3/ La connaissance de ce qui est en débat et qui bute notamment sur l’ignorance crasse des faits économiques élémentaires dans une culture exclusivement politique : laquelle, à droite comme à gauche, aboutit à des inepties atterrantes du genre : "l’Etat crée des emplois", "l’Etat garant de l’intérêt général" ;  et plus encore ces attaques convergentes contre ce libéralisme honni, qui défend à la fois "les monopoles" et "la concurrence sauvage" (comprenne qui pourra !).

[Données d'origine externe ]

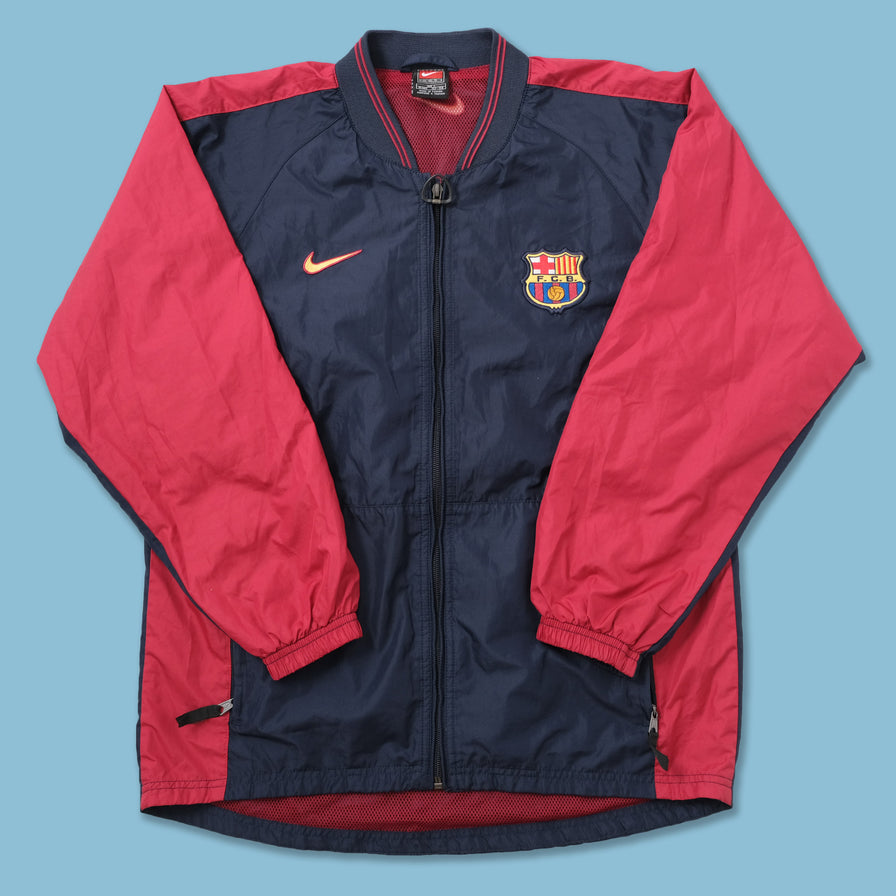 old nike FC Barcelona nylon jacket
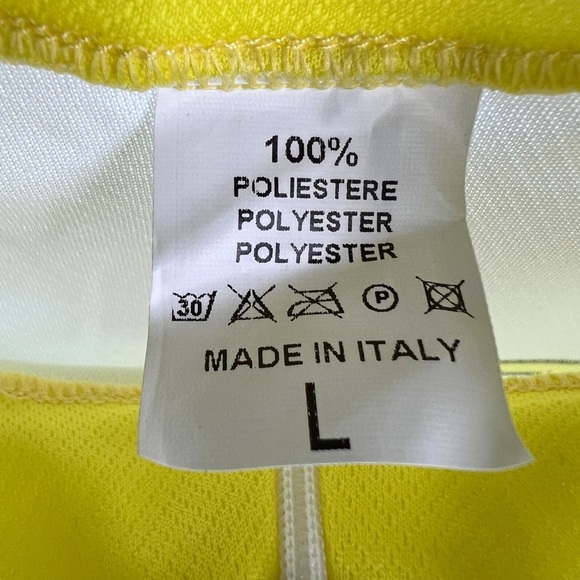 Dialto Cycling Jersey Mens Size L Yellow White Black - Picture 9 of 11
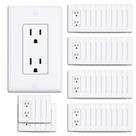 Tomada de parede ThunderWay Decorator 15A/125V branca x50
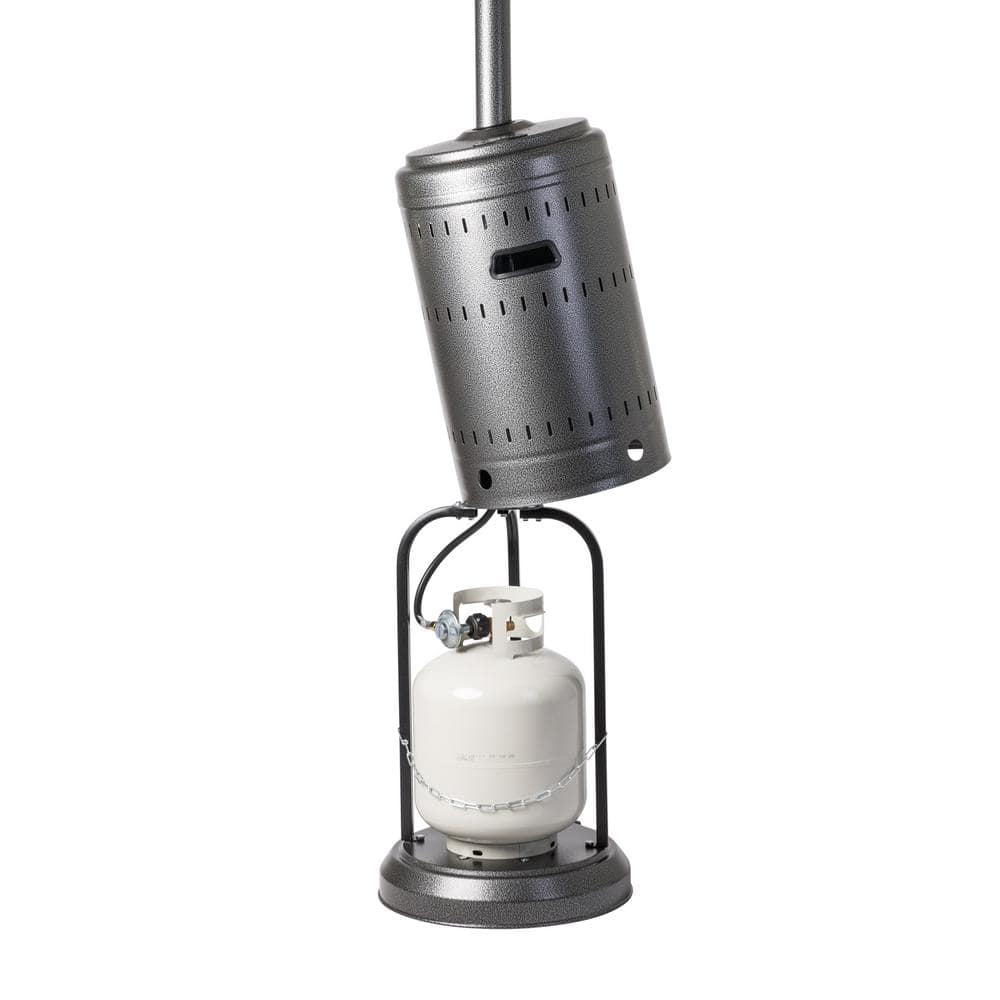 Fire Sense Hammered Platinum 46,000 BTUs Gas Patio Heater 62555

Peut-être serait-il envisageable, avant de les condamner, de lire, ne serait-ce que quelques lignes, d’auteurs mineurs puisque non français, comme Adam Smith, John Stuart Mill ou Hayek, qui ont très exactement écrit le contraire de ce que nos "intellectuels" (encore une fois de droite et de gauche) leur attribuent. Mais il est vrai qu’ils ne sont pas au programme de nos classes préparatoires. Comme ne le sont pas les grands libéraux français (eh oui, il y en a !) : ni Guizot, réduit au favoris de Louis-Philippe et à "l’enrichissez-vous !", ni Bastiat (inconnu au bataillon), ni Jean-François Revel (anticommuniste primaire, bah !). Certes un peu de Tocqueville et d’Aron, mais seulement à travers des "capita selecta", qui ne rendent pas la puissance dérangeante de leur pensée…

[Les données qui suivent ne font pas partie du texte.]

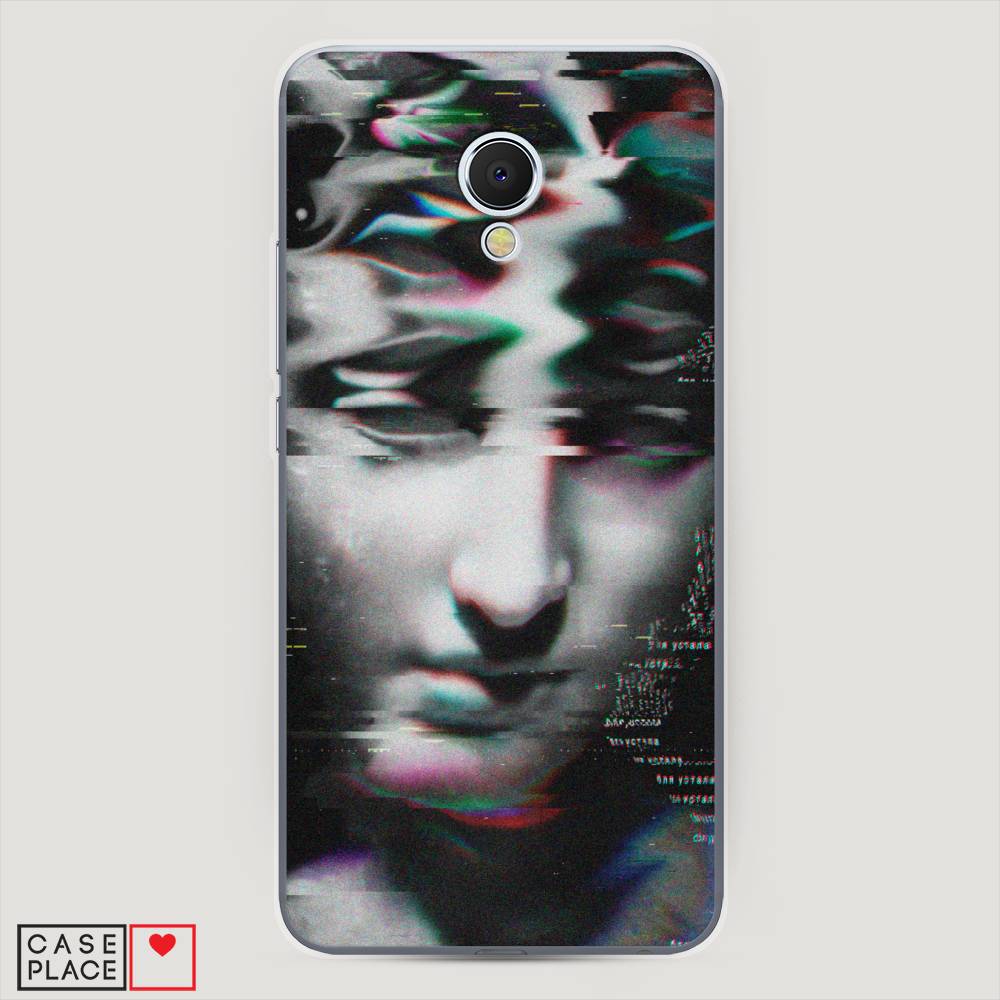 

Чехол Awog на Meizu MX6 "Glitch Art", Серый, 70950-9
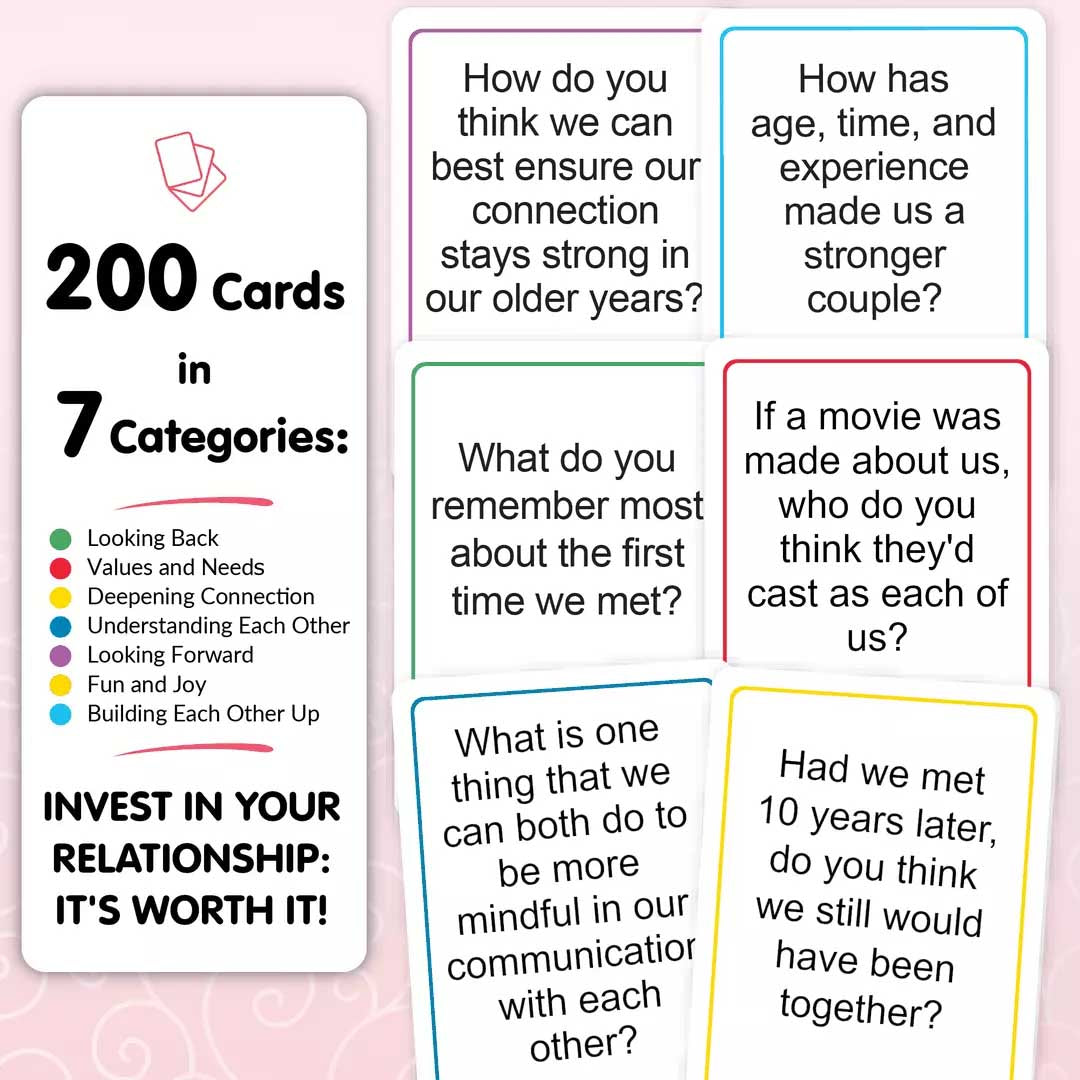 rekindle pack conversation cards, talking point cards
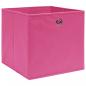 Preview: Aufbewahrungsboxen 4 Stk. Rosa 32x32x32 cm Stoff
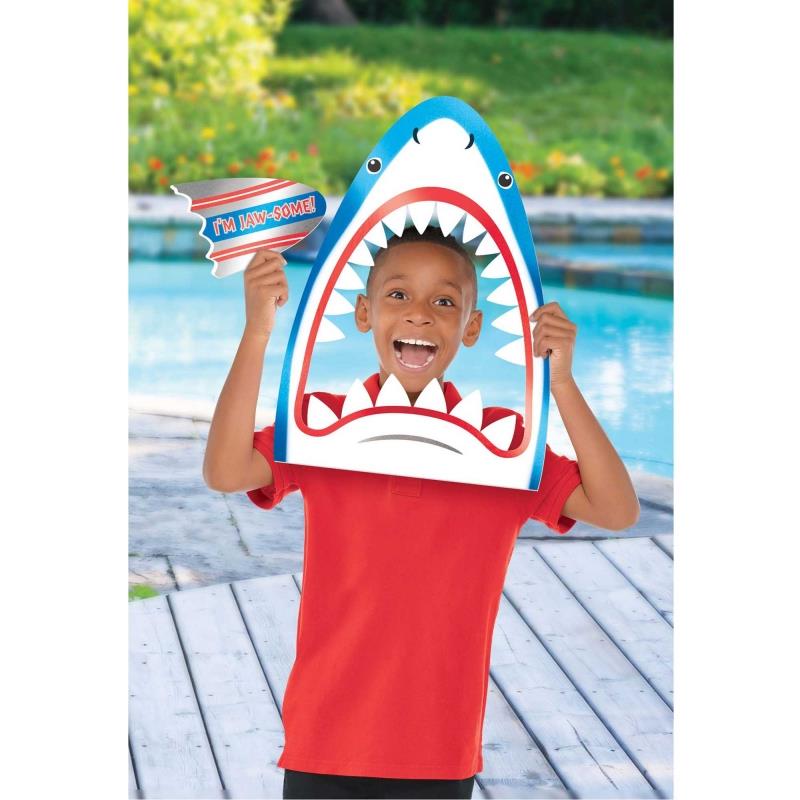 Summer Luau Shark Head Photo Props Pack of 2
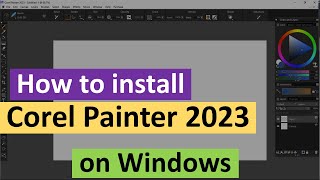 how to install corel painter 2023 on windows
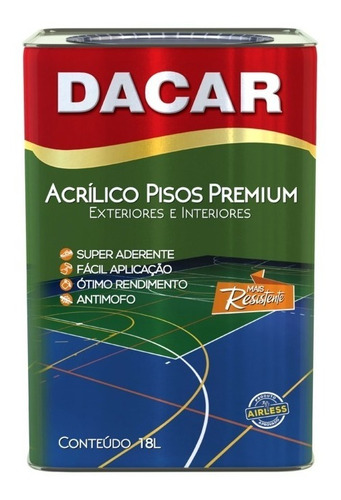Pintura Para Pisos Dacar Premium Latex Acrílico 18l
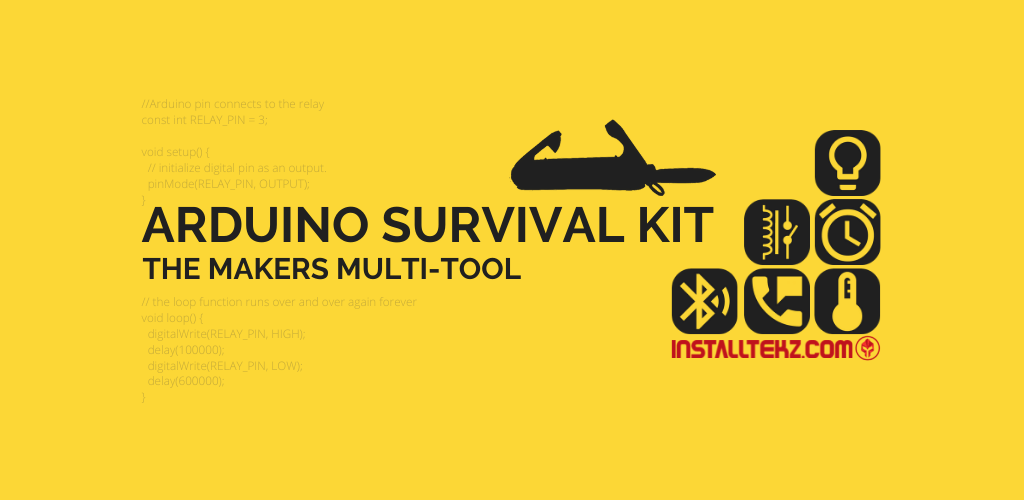 Arduino Survival Kit Android App Feature Graphic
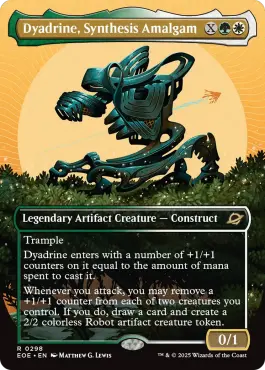 Dyadrine, amalgrame de synthèse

Et alors miracle… Il se pourrait bien que, ces trois conditions enfin respectées, le "cas français" reprenne quelques couleurs : que, par exemple, au lieu de pousser des cocoricos cocardiers, nous comprenions le vrai sens des hommages répétés du monde extérieur à notre pays : non seulement les médailles Fields et les prix Nobel (qui, de Modiano à Tirole en passant par Villani, ne donnent guère, c’est le moins qu’on puisse dire, dans le chauvinisme béat) ; mais aussi les quelque 70 millions de touristes qui parcourent chaque année, envers et contre tout, notre bel hexagone ; les créatures créatives qui hantent nos "fashion weeks" (pardon pour l’anglais !) ; la renommée mondiale de nos cinéastes et de nos architectes ; et peut-être plus encore nos entrepreneurs et nos centaines de milliers de jeunes que nous chassons de chez nous ("priorité à la jeunesse" oblige !) et auxquels nos voisins pragmatiques et avisés, déroulent, comme le dit le maire de Londres en français dans le texte, le "tapis rouge" !

Alors nous pourrions être en état de comprendre le vrai message de ceux qui sont, après tout, (il est bon de le rappeler !) nos amis et nos alliés indéfectibles : un amour réel de la France que tous les sondages attestent, mais qui ne saurait être inconditionnel. Qui n’accepte plus une arrogance fondée sur l’ignorance ; une autosatisfaction basée sur le déni ; et un "modèle social" financé par les autres…

Non pas une jalousie mal placée ; encore moins une haine de la France ; mais l’exigence d’une profonde affection qui ne se satisfait pas de la médiocrité et du renoncement dans lesquels nous nous complaisons nous mêmes.

Et alors pourra renaître une fierté française authentique qui nous propulsera parmi les grands gagnants de la mondialisation : combat décisif pour lequel, quoiqu’en pensent les hommes et les femmes du ressentiment et du "penser-petit", nous détenons tant d’atouts.